C. atripectoralis is the sibling species of the blue-green damselfish C. viridis based on their mitochondrial genome. C. atripectoralis is often confused with C. viridis because the two species have a similar body shape and blue-green coloration. The two species can be differentiated by the color pattern of their fins. The pectoral fin axil of C. atripectoralis is black, whereas the upper base of the pectoral fin of C. viridis appears dusky due to the presence of black dots. Additionally, the two sibling species have different, but overlapping, numbers of pectoral rays. C. atripectoralis has 18-20 pectoral rays, while C. viridis has 17-19.

== Habitat ==
The range of C. atripectoralis spans the Indian and south Pacific Oceans from the east African coasts to French Polynesia, and the damselfish can also be found as far north as the Ryukyu Islands of Japan in the north Pacific. The habitat of C. atripectoralis overlaps with that of its sibling species C. viridis, although C. viridis can additionally be found in the Red Sea.

C. atripectoralis resides in coral reefs. As adults, C. atripectoralis shows a preference for branching corals, although the species can also be found in plate, sub massive, massive, encrusting, soft, and dead corals. Juveniles exhibit a preference for living in both branching and plate corals, although they have been found in sub massive corals as well. Adults may live in rubble or pavement as well, while juveniles have only been found to live in consolidated pavement. Loss of the coral reef niche is correlated with a decline in C. atripectoralis populations, as this species is highly specialized to live in reefs.

C. atripectoralis can tolerate higher water temperatures relative to cardinalfish that occupy the same habitat. C. atripectoralis does exhibit a reduction in aerobic scope across the high water temperature range of 29 °C to 33 °C; however the fish can still aerobically respire at a rate greater than half of its aerobic scope under normal conditions. The relatively high thermotolerance of C. atripectoralis may allow it to live at latitudes closer to the equator and to resist extinction as global ocean temperatures rise.

== Larval behavior and settlement to coral reefs ==
C. atripectoralis is an oviparous species whose eggs are laid into the water to hatch at a later time. The late-stage larvae of C. atripectoralis reside in the pelagic zone and exhibit a swimming speed range of 21.6 to 25.2 centimeters per second. The late-stage larvae exhibit directionality in their swimming, although there is more variation in directionality in leeward trajectories than in windward trajectories. Additionally, the late-stage larvae of C. atripectoralis exhibit greater variation in their swimming directionality during afternoons with cloudy conditions than in sunny conditions. This suggests that the larvae may use a solar compass to guide their movements. The overall swimming directionality of late-stage C. atripectoralis appears to be southeast in the morning and south-southwest in the afternoon, regardless of where the nearest shore is located. The east-west component of C. atripectoralis larval swimming observed indicates that the larvae move actively rather than floating passively with the current, as the larvae were studied in an area with a north-south current.

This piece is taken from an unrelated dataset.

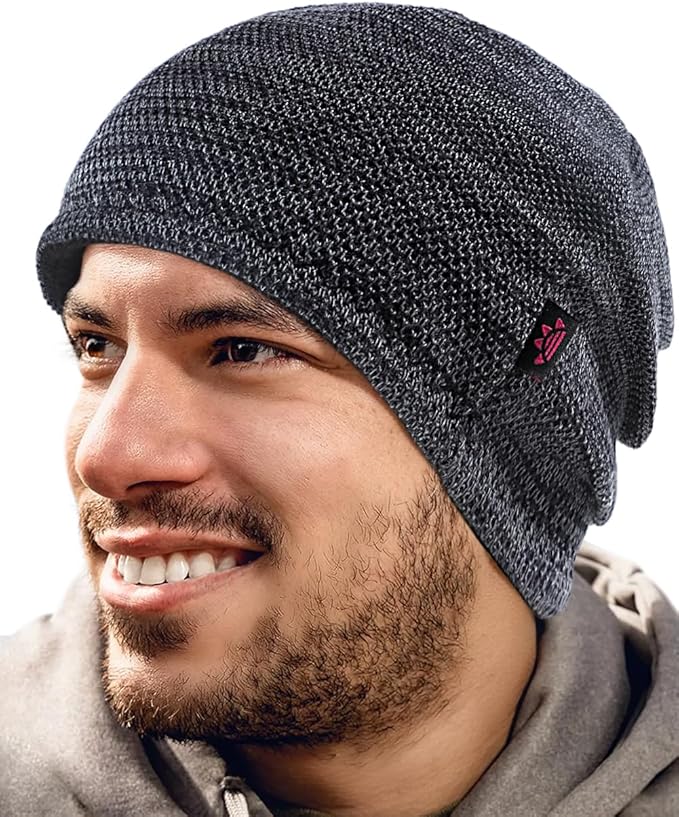 Lvaiz Mens Winter Beanie Hat Warm Fleece Lined Skull Cap for Men Reversible Women Windproof Watch Hat Knit Warm Unisex Beanie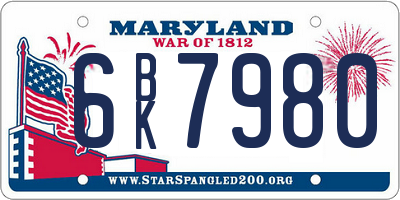 MD license plate 6BK7980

C. atripectoralis larva can differentiate biological sounds coming from coral reefs from other, non-biological sounds and alter their behavior in response to the biological sounds. There is currently no evidence that C. atripectoralis larva can localize the source of biological sounds, but it is possible that the larvae's ability to identify nocturnal reef noises may function in combination with other methods, such as a solar compass, to facilitate their success in settling to a coral reef.